Sensitivity Analysis - Theory#

Introduction#

Sensitivity analysis is a set of techniques used to quantify a system’s variability due to different sources of uncertainty. For rocketry simulators, this amounts to the study of the deviation between the observed and the nominal flight.

From all sources of variation, there are four of major importance:

1. Rocket Physics model: consists of the physics models used in rocketry. It encompasses which rocketry elements we can incorporate such as different types of motors, aerodynamic surfaces, and other rocket components along with the mathematical equations used to describe them.

2. Numerical approximations: consists of how well we can solve the physics equations. Analytic solutions are seldomly available, and therefore we must resort on numerical approximations.

3. Weather forecast: consists of how well the environment is predicted. Accurate predictions are crucial for rocketry simulation as many components are influenced by it.

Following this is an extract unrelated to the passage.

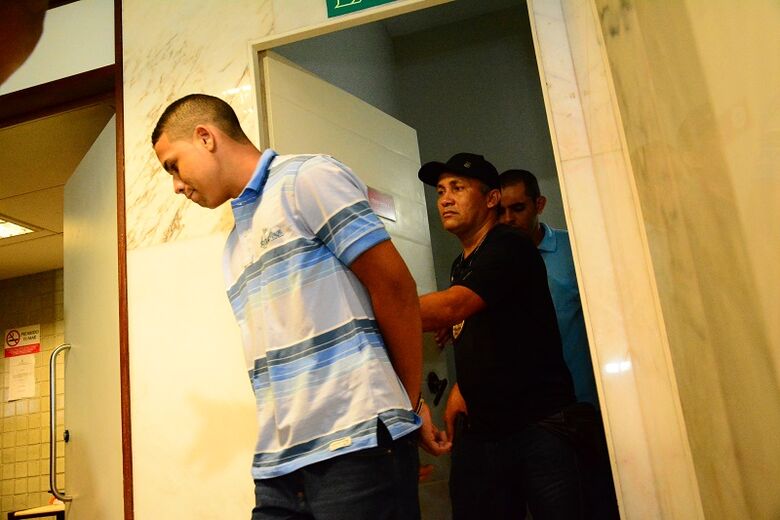 Após apelação, Everton Filipe foi condenado a 57 anos de reclusão 51 anos e três meses. Foto: Arthur Motta/Folha de Pernamubuco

4. Measurement uncertainty: consists of measurement errors. Every instrument has a limited precision, which causes us to simulate flights with parameters values that are not the true values but should be somewhat close.

Accurate predictions requires analyzing carefully each source of variation. The first two sources of variation are naturally handled by the simulator itself in the implementation of rocketry components and computational methods. Weather forecasting might be directed implemented in the software or aided by the use of another specialized simulator. Sensitivity analysis tackles the last source of uncertainty by quantifying how the variability in rocket parameters causes variability in the variables of interest.

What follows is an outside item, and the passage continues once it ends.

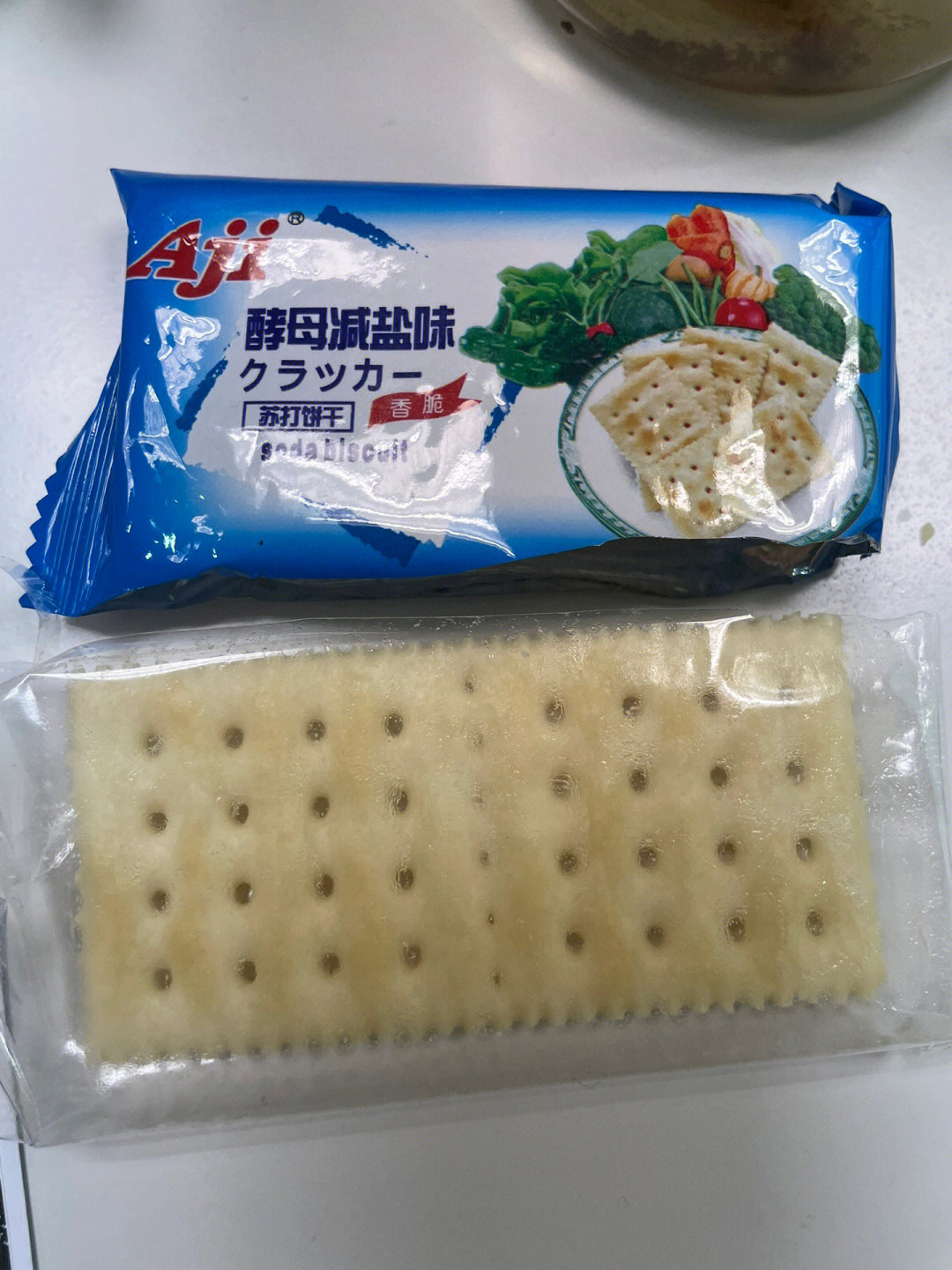 苏打饼干山姆vsaji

This document provides the mathematical justification for a used of tool that aids the practitioner in deciding which parameters he should more accurately measure.

As a motivating example, imagine a rocket designer who wishes to accurately estimate the apogee, i.e. the maximal altitude reached by his rocket. His rocket has many parameters, most of which are measured with limited precision. This limited precision in the input parameters results in variability in the apogee’s estimate.

How can he be more certain can that the rocket will reach a certain altitude? One approach is to reduce the uncertainty due to parameter measurement, which boils down to answering the following question: which parameters would reduce the variability of the apogee the most if they were measured with greater precision?

Mathematical Modeling#

Defining the system#

Let $x\,\in\,\mathbb{R}^p$ be the vector of input parameters, $t\,\in\, \mathbb{R}_{+}$ be the time variable, and $f: \mathbb{R}_{+}\times\mathbb{R}^p \longrightarrow \, \mathbb{R}^d$ be a deterministic function that simulates the phenomena of interest. We assume that $f$ is an intractable function, meaning that we do not have analytical equations for it.

Studying the system or phenomena translates of studying the function $f$ itself. For rocketry simulators, the parameters $x$ usually consist of rocket, motor, and environment properties relevant for the simulation, and $f(t, x)$ is the trajectory point in the $3$ dimensional space at time $t$. The regular use of a simulator consists in specifying $x^*$ as the vector of input parameters and studying how $f(t, x^*)$ evolves in time. The input parameter $x^*$ is called the nominal parameter value and $f(t, x^*)$ is the nominal trajectory.

For a more robust analysis, the user can recognize that his nominal parameters $x^*$ might incorrectly reflect the true parameters $x$. The true value $x$ can never be known in practice, but we expect that $x^*$ is a good approximation of those values. Hence, instead of just analyzing $f(t, x^*)$, he can analyze the nominal trajectory and its sensitivity to variations around $x^*$, providing more appropriate conclusions to the ideal simulated trajectory $f(t, x)$. Note that $f(t, x)$ will still deviate from the real trajectory due to the other three sources of uncertainty, but it will be more accurate than $f(t, x^*)$.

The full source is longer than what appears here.